The number of people living of Cape Town is expected to grow almost 60 percent in the next three decades, according to a projection by the city. Meanwhile, energy prices, including the cost of electricity, have gone up at least 50 percent in the last four years.
University of Cape Town (UCT) researcher Rethabile Melamu told IRIN, “Up to 70 percent of organic municipal waste could be used to create biogas… We are going to set up a biogas project near an abattoir and use the leftover blood and animal waste to create fuel that can be used for cooking and heating water.”
The process of turning waste into gas involves the breakdown of organic waste in an oxygen-free environment called a biodigester – usually a large rubber bladder or a concrete structure, depending on the scale of the project – which operates like a human stomach.

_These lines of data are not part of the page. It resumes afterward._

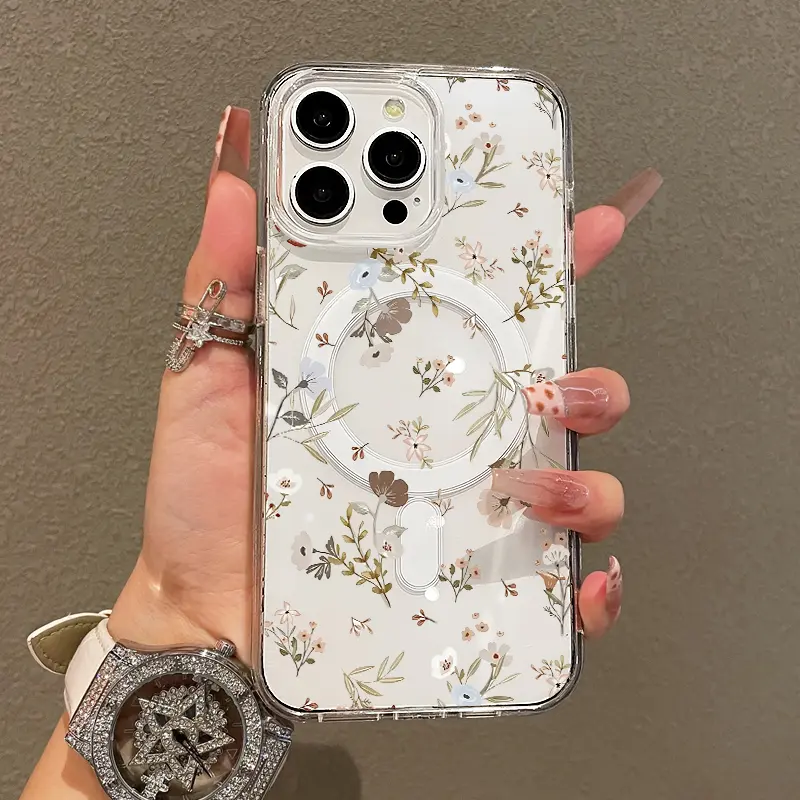 Soft Girl Magnetic Case for iPhone11/12/13/14/15/16/17/promax, Neutral Floral Lightweight, Drop-Proof, MagSafe Compatible | Perfect for Teen Girls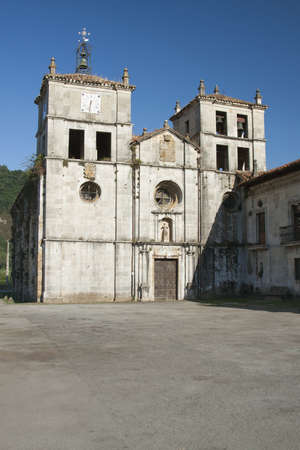 Spain, Asturias, Cornellana, Abbey Church, square in afternoon lightの写真素材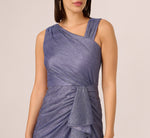 Draped Metallic Foil Long Dress In Peri Cruise 3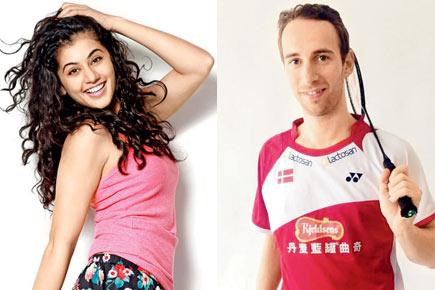 Actress Taapsee shuttles in to cheer for boyfriend Mathias Boe at the Indian Open Super Series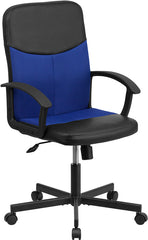 Mid-Back Black Vinyl and Blue Mesh Racing Executive Swivel Office Chair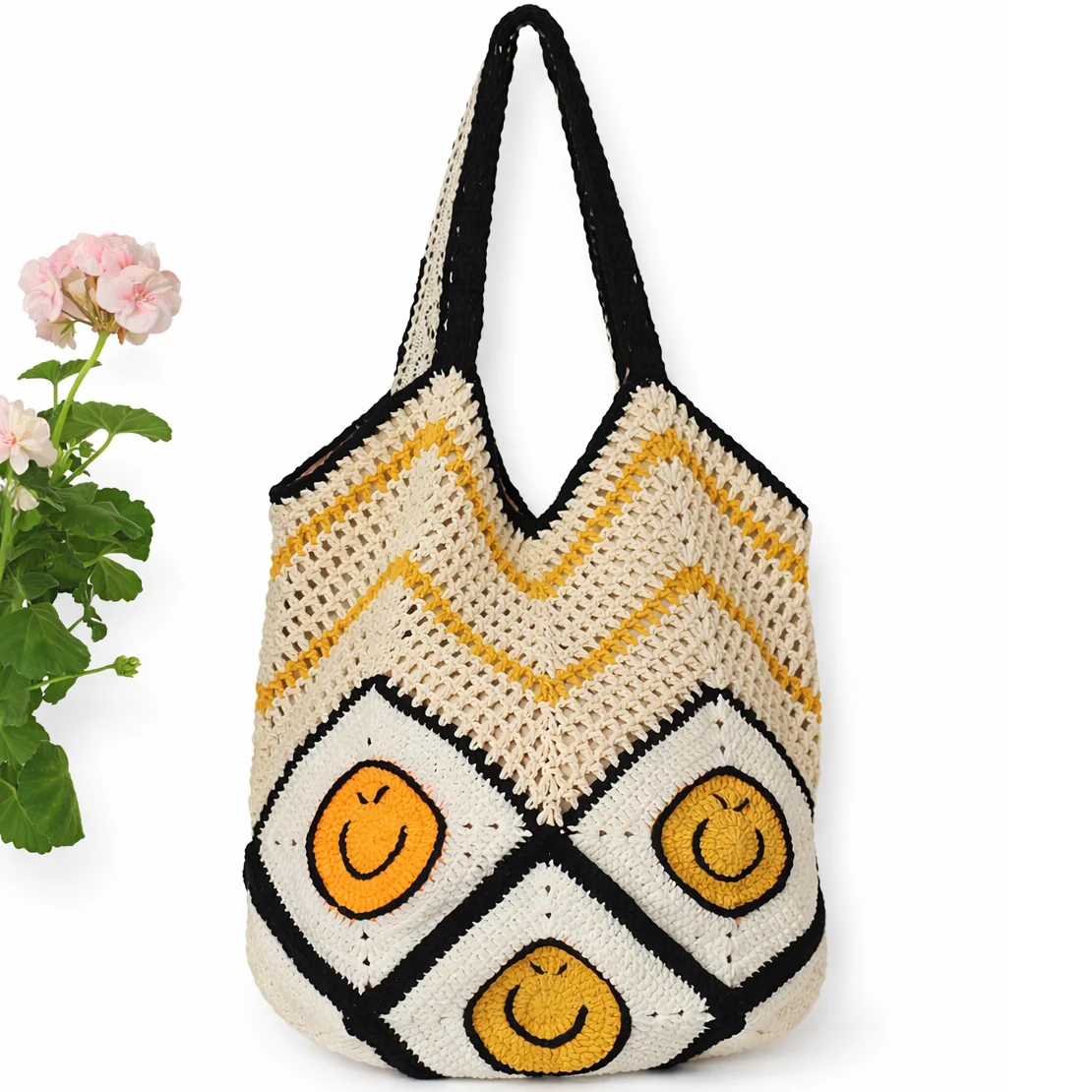

Hand Crocheted Cute Smiley Face Tote Bag - Cotton Lined, Magnetic Closure, Roomy Casual Shoulder Bag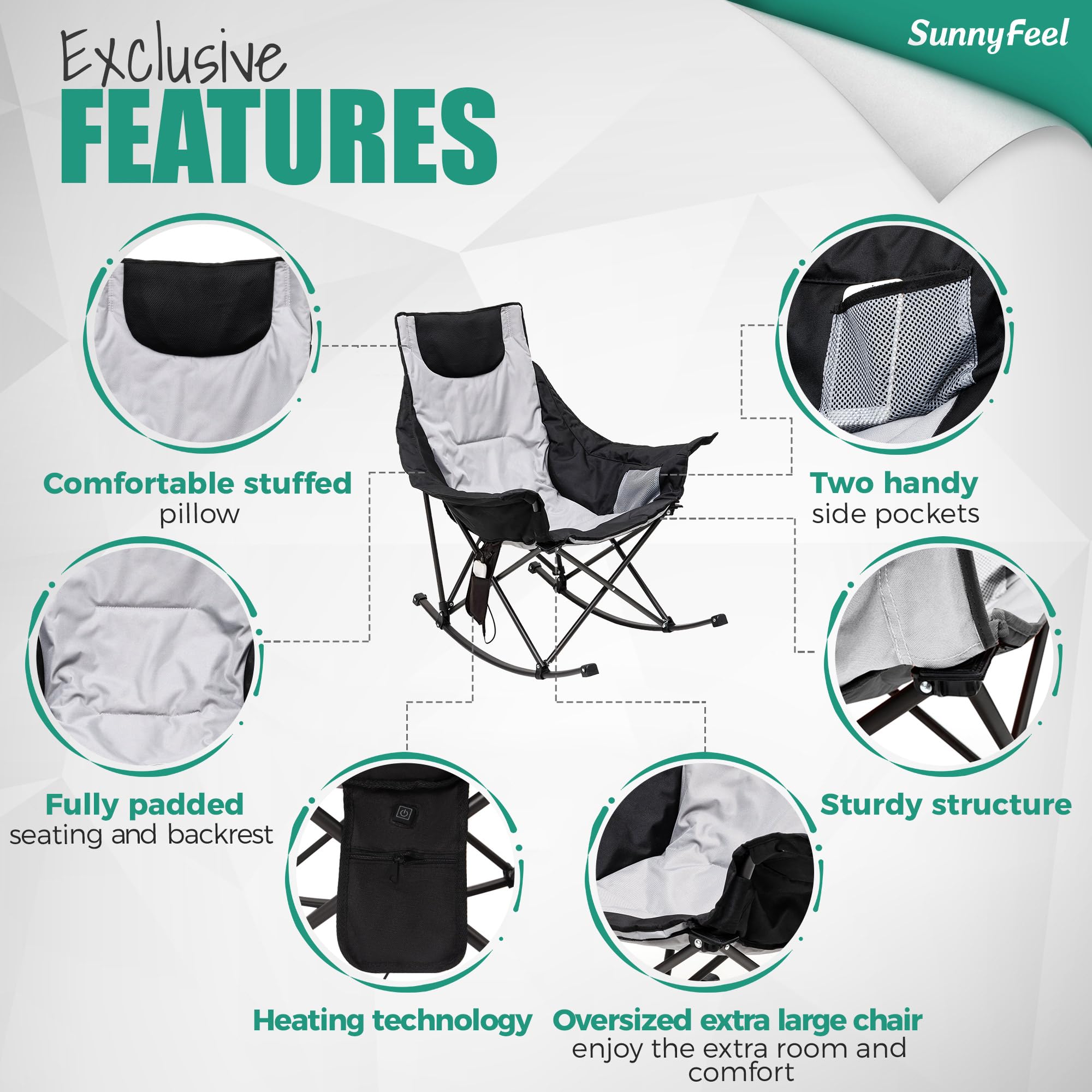SunnyFeel carry bag for heated chair enables effortless transport and storage.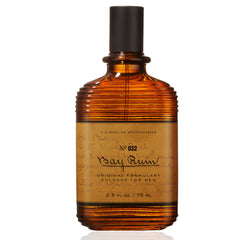 C.O. Bigelow Bay Rum Cologne bottle on a vanity, long-lasting scent for daily wear.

This produces methane gas that can be siphoned off and used for cooking and to replace paraffin, an increasingly expensive fuel commonly used in informal settlements.
In June 2012, a grant of about US$305,000 was provided by the National Research Foundation to UCT for small biogas demonstration projects.
UCT partnered with the NGO Engineers Without Borders (EWB) and African Green Energy, a private company, to install a rubber-bladder biodigester at the Siyazama Community Garden in Khayelitsha, an informal settlement outside Cape Town, last year.
EWB volunteer Francois Petousis said it cost about $1,200 for the raw materials and labour to install the biodigester, which has a 10-year lifespan. The community gardeners grow vegetables and use the organic waste to fuel the system.
Cynthia Nkqayi, a group leader at the garden that supplies vegetables to Abalimi, an urban agriculture association, believes the biodigester is a great addition to their operation because they use gas for cooking every day. It has also saved them money. “We used to buy about R300 [$36] worth of gas every two months for cooking, so it is a big saving for us to have the biogas here, as it is free,” said Nkqayi.
There are similar pilot projects underway across the country.
Melamu, who has researched biogas since 2000, believes it is not a fuel that could replace traditional energy sources, but that it should be added to a mix of renewable energy sources like solar and wind power. “Biogas system installations have creased steadily since 2000, and now there are thousands of systems … around the country,” she said.